### What the exercise asks
Would you transcribe exactly the lines from the one containing "Dag van de school" to the last line of the data below, both ends included, but none of the pictures?

[Short text fragments from websites]
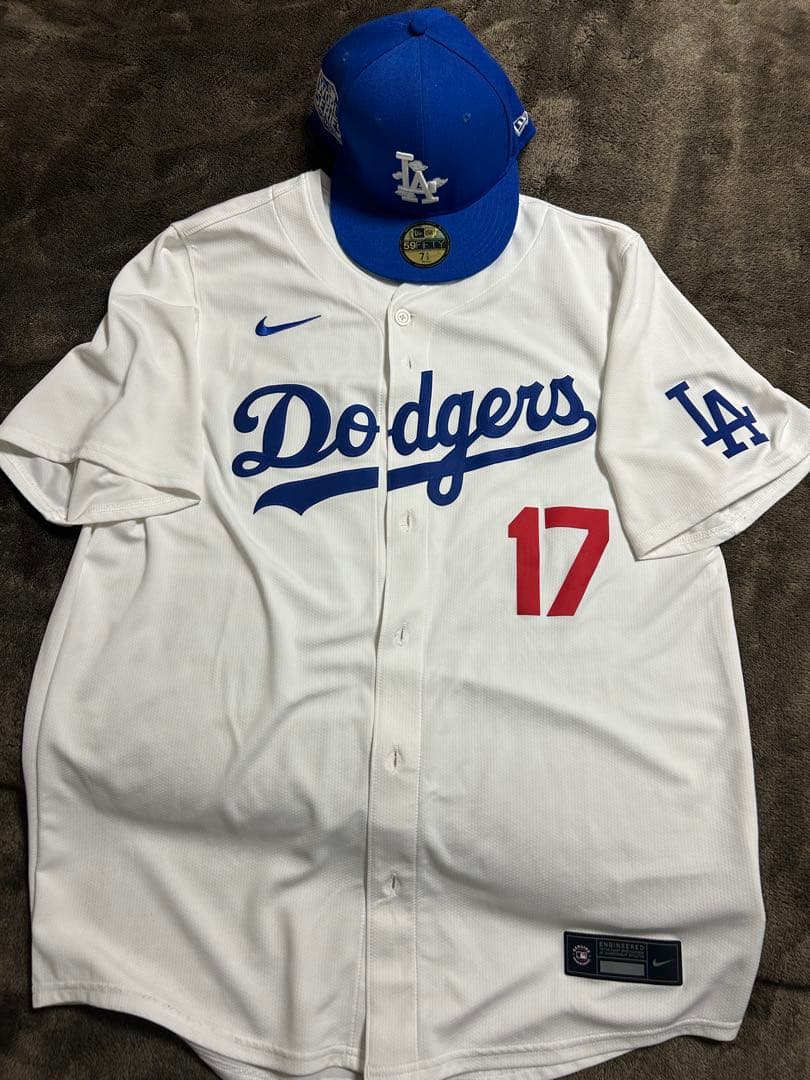大谷翔平 ユニフォーム ドジャース 17 ニューエラ7 5/8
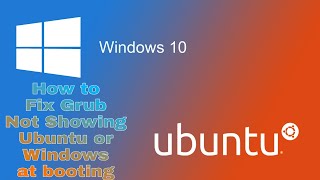 How to Fix grub not loading Ubuntu Boots into Windows Directly [upl. by Tav]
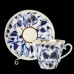 Cobalt Gold cup, saucer and plate Bluebells Lomonosov porcelain
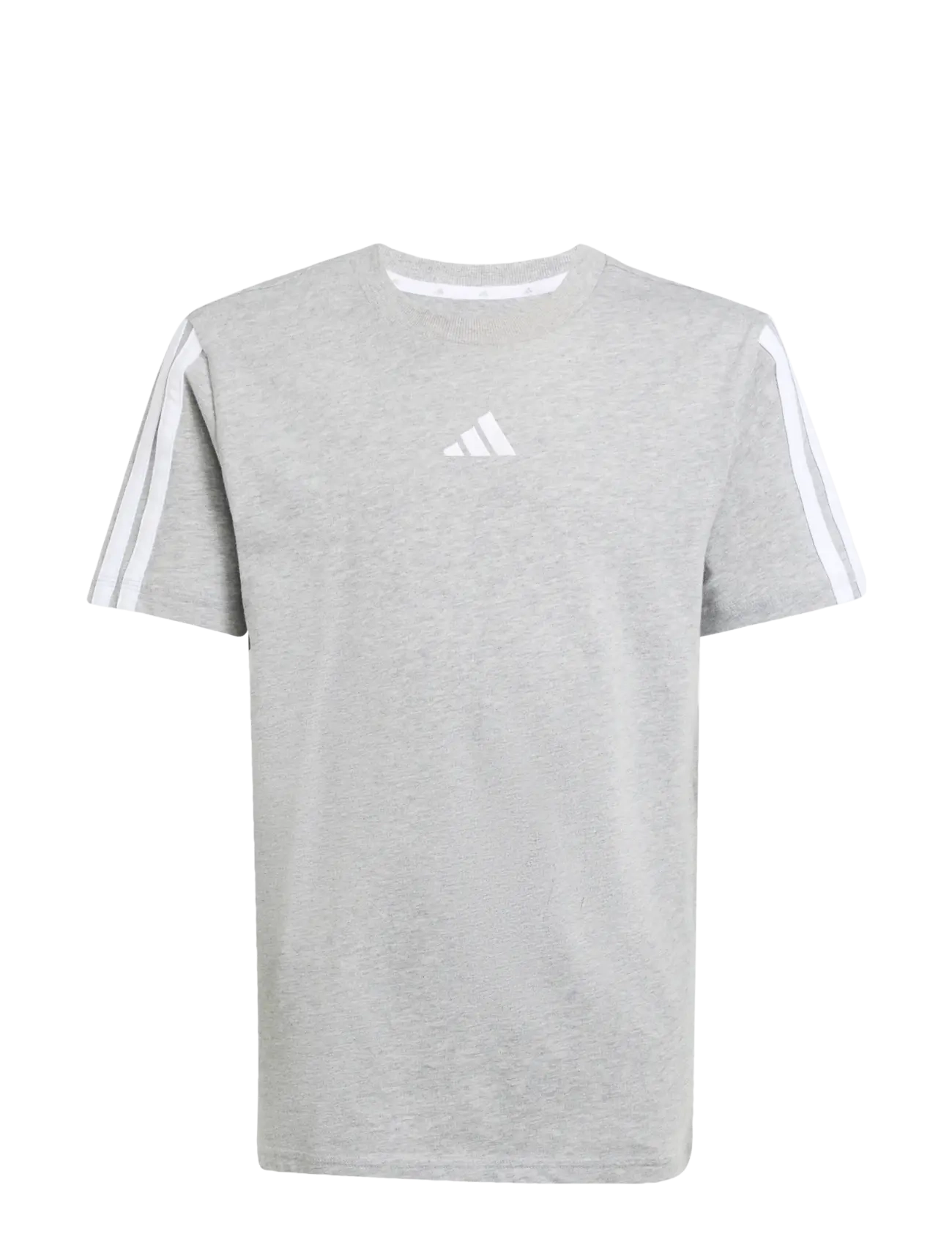 adidas Sportswear J 3S TEE 160 - Riided - MGREYH/WHITE / grey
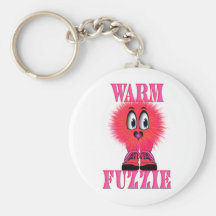 Valentine idiot brouillé chaud porte-clé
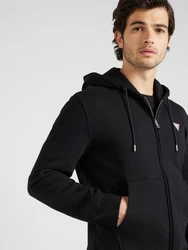 GUESS JEANS Sweatjacke schwarz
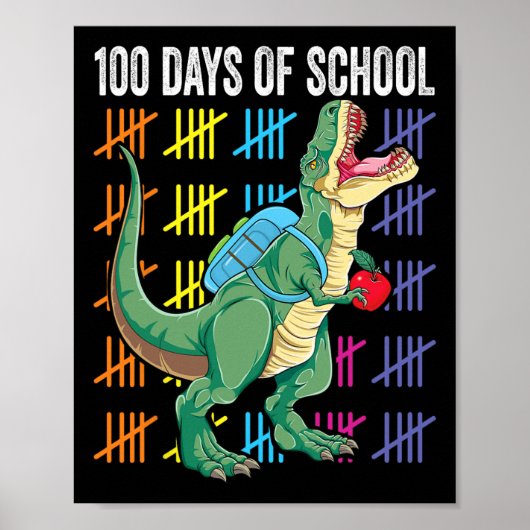 Dag van de school voor peuters Kinder T-rex Poster (Voorkant)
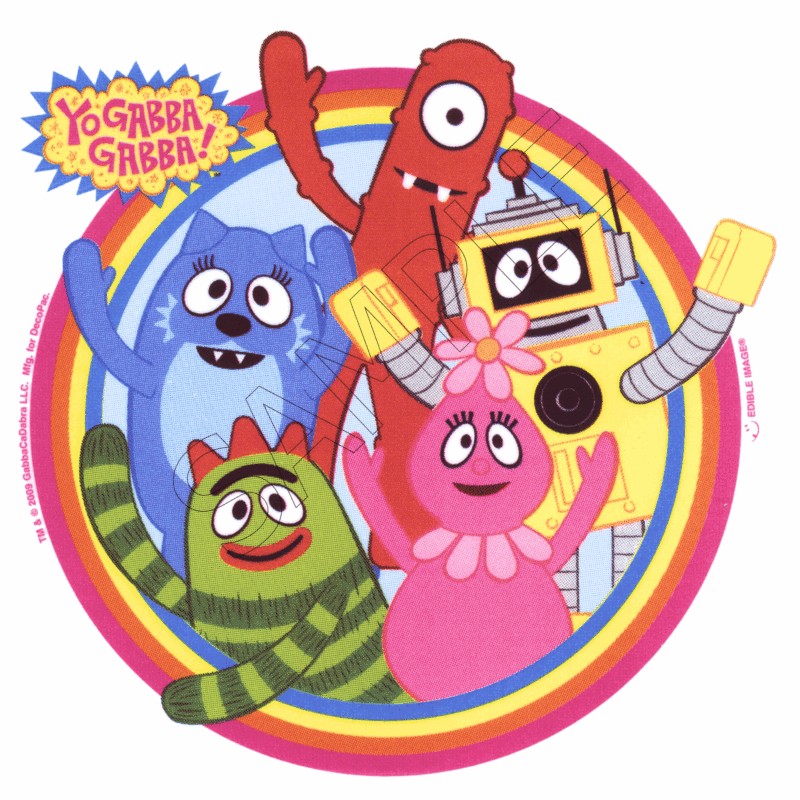 Yo Gabba Gabba Edible Cake Topper Decoration Image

### Solved problem
 Dag van de school voor peuters Kinder T-rex Poster (Voorkant)
 Yo Gabba Gabba Edible Cake Topper Decoration Image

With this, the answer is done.